(dissenting)'—I dissent. The rule is well known that a statute which is plain on its face will generally mean exactly what it says. In such a case there is no room for construction or interpretation. State v. Roth, 78 Wn.2d 711, 479 P.2d 55 (1971). This rule has very few exceptions. However, one important exception exists. That is, the strict letter of a statute will not control over the obvious legislative intent and meaning. Cory v. Nethery, 19 Wn.2d 326, 142 P.2d 488 (1943); Howlett v. Cheetham, 17 Wash. 626, 50 P. 522 (1897); Yakima First Baptist Homes, Inc. v. Gray, 82 Wn.2d 295, 510 P.2d 243 (1973). If the legislative intent is obvious, that will control. Miller v. McCamish, 78 Wn.2d 821, 479 P.2d 919 (1971).

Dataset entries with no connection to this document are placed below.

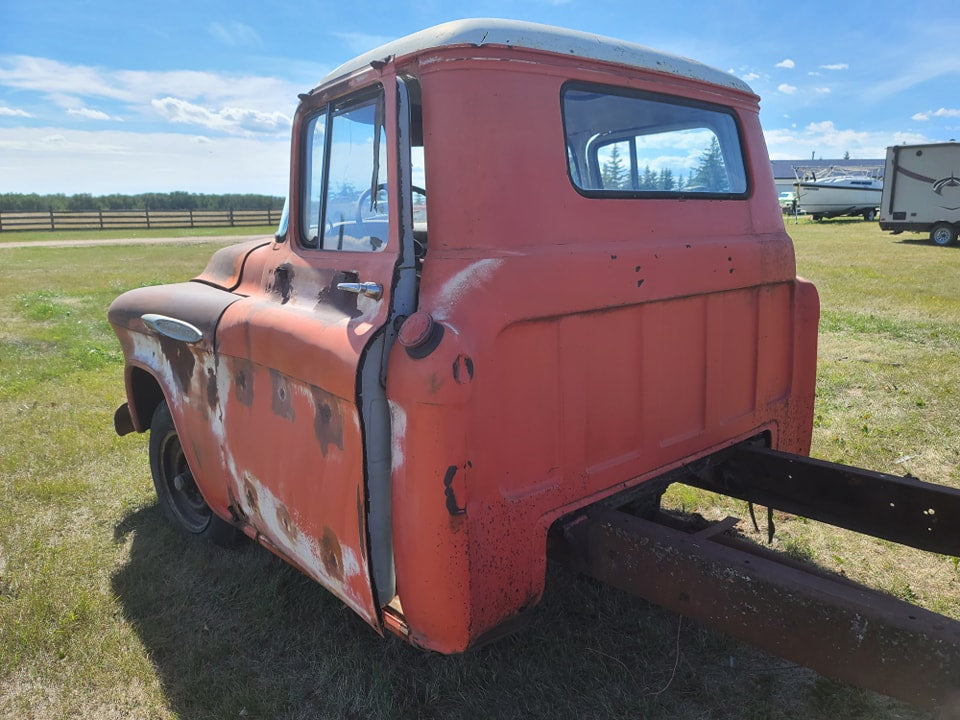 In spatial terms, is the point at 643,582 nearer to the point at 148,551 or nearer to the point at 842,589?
the point at 842,589

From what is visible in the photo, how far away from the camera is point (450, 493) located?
6.33 ft

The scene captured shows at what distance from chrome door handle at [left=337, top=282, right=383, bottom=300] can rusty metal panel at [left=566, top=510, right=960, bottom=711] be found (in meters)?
1.00

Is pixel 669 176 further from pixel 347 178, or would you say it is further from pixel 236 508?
pixel 236 508

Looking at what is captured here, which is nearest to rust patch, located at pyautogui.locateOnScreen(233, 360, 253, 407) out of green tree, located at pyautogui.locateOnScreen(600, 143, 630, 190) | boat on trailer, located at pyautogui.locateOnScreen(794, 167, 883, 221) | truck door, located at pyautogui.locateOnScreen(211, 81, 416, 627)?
truck door, located at pyautogui.locateOnScreen(211, 81, 416, 627)

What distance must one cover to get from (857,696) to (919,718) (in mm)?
189

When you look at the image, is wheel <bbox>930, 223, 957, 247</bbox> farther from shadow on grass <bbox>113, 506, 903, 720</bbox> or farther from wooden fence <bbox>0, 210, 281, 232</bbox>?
wooden fence <bbox>0, 210, 281, 232</bbox>

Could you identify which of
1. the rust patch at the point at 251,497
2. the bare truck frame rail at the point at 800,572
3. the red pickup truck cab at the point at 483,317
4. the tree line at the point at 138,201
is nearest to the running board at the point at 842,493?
the bare truck frame rail at the point at 800,572

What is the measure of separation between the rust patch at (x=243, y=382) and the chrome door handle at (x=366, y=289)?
2.07ft

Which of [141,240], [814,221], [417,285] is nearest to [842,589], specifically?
[417,285]

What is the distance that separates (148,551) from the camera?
370 centimetres

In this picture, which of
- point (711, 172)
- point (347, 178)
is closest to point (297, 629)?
point (347, 178)

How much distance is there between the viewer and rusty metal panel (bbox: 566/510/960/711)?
1.59m

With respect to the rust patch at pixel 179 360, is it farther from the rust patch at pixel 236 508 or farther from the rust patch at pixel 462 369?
the rust patch at pixel 462 369

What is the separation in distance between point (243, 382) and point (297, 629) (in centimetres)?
111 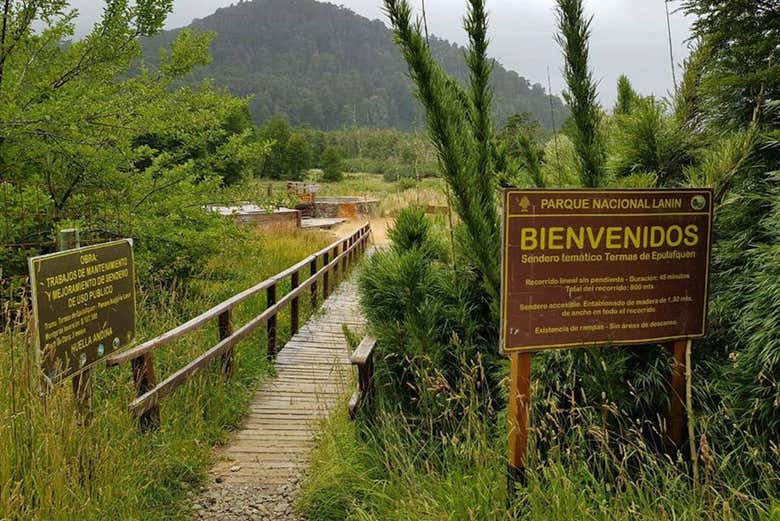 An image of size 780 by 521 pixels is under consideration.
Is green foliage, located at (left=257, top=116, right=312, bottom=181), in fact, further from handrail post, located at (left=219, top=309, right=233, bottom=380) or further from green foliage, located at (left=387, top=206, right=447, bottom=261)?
green foliage, located at (left=387, top=206, right=447, bottom=261)

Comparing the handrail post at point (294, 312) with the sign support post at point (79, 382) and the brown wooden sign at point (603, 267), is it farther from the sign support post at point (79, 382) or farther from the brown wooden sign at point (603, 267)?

This litigation involves an exemption from the effect of a taxing statute. Such exemptions are to be strictly construed against the claim of exemption. Pacific Northwest Conf. v. *886Barlow, 77 Wn.2d 487, 463 P.2d 626 (1969); Yakima First Baptist Homes, Inc. v. Gray, supra.
In this case, each of the corporations who were parties plaintiff (respondents) received substantial income from investments. Such income was the result of engaging in “financial business.” It matters not that each of respondents had other business activities which in each instance was the primary or principal business of the corporation. It is not at all uncommon for the legislature to provide for different tax rates upon different parts of the business activity of one corporation. Rena-Ware Distribs., Inc. v. State, 77 Wn.2d 514, 463 P.2d 622 (1970). In this case it seems incredible that the legislature intended to exempt large corporations from paying the business and occupation tax on substantial income.
If the majority opinion herein prevails, then it certainly would seem appropriate for the legislature to examine this situation and clarify the legislative intent to the end that an unjust escape from taxation would be ended.
Rosellini, J., concurs with Wright, J.